*What you have to do*: Would you restate every entry below word for word? Leave out the pictures.

◇ ◇ ◇

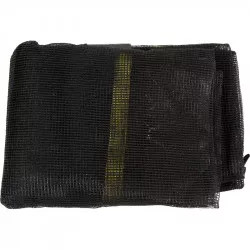 Trambulin védőháló 305 cm – 3 lábú, 6 oszlopos, kötözős, Spartan 1286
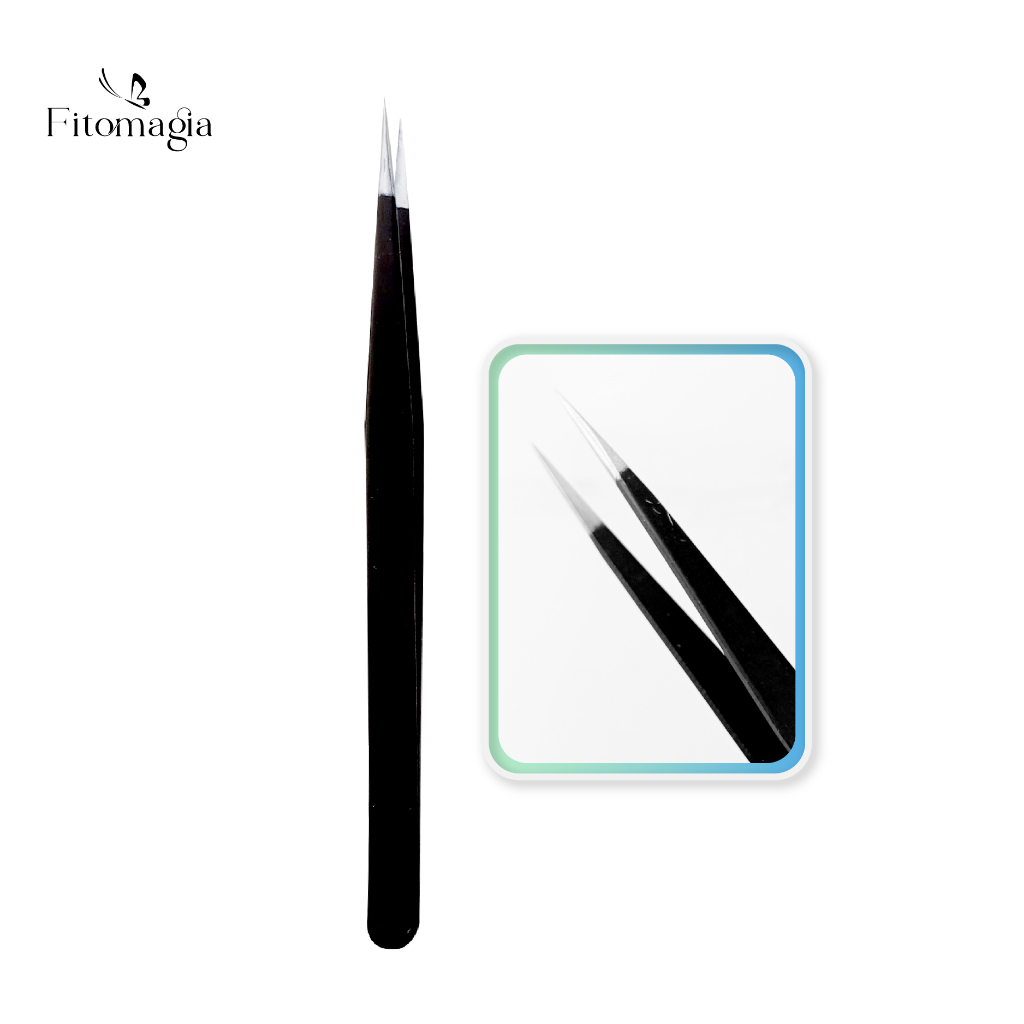 Nhíp Gắp Đá Hạt Làm Nail - Giá Rẻ Chuyên Dụng - Hàng Chính Hãng - Blue EY Beauty Nail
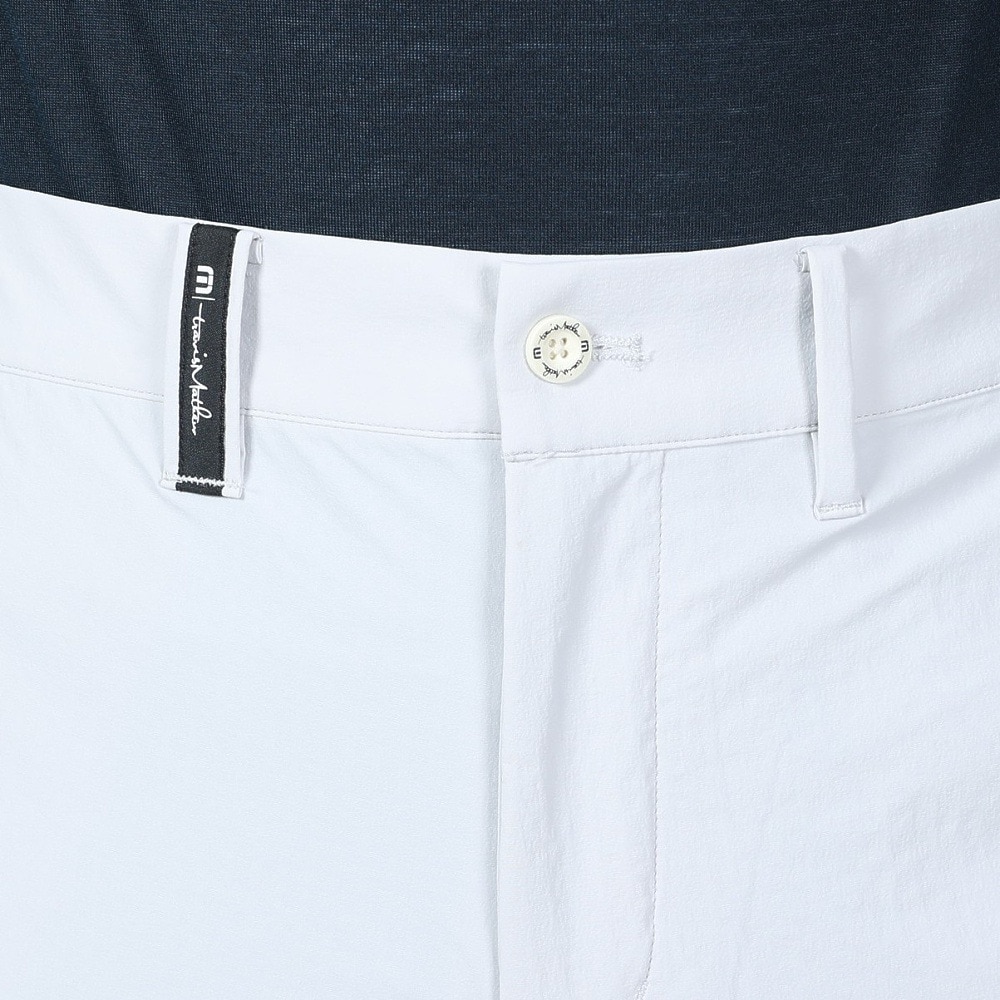 トラヴィスマシュー（Travis Mathew）（メンズ）ゴルフウェア 吸汗速乾 ロングパンツ ストレッチ テックパンツ 7AF077-0LGR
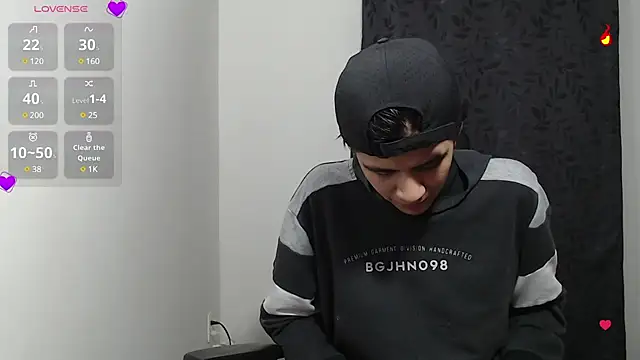 Dha lia0 online show from 21, 3, 2025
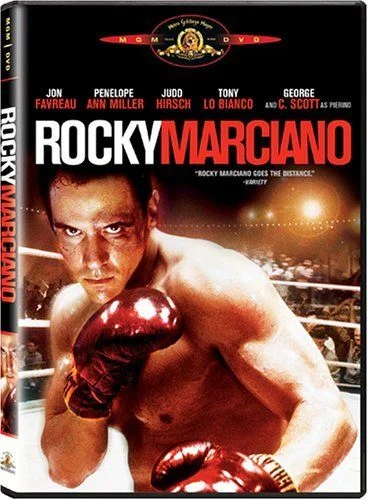 Rocky Marciano (1999) poszter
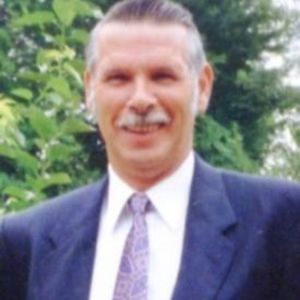 James E. Green, Sr.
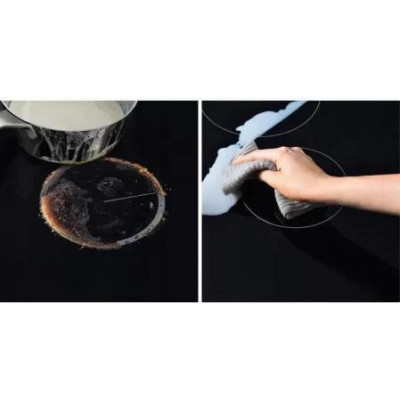 Варильна поверхня індукційна AEG IKE64441FB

◇ ◇ ◇

*Result of the task*:
 Trambulin védőháló 305 cm – 3 lábú, 6 oszlopos, kötözős, Spartan 1286
 Nhíp Gắp Đá Hạt Làm Nail - Giá Rẻ Chuyên Dụng - Hàng Chính Hãng - Blue EY Beauty Nail
 トラヴィスマシュー（Travis Mathew）（メンズ）ゴルフウェア 吸汗速乾 ロングパンツ ストレッチ テックパンツ 7AF077-0LGR
 Dha lia0 online show from 21, 3, 2025
 Rocky Marciano (1999) poszter
 James E. Green, Sr.
 Варильна поверхня індукційна AEG IKE64441FB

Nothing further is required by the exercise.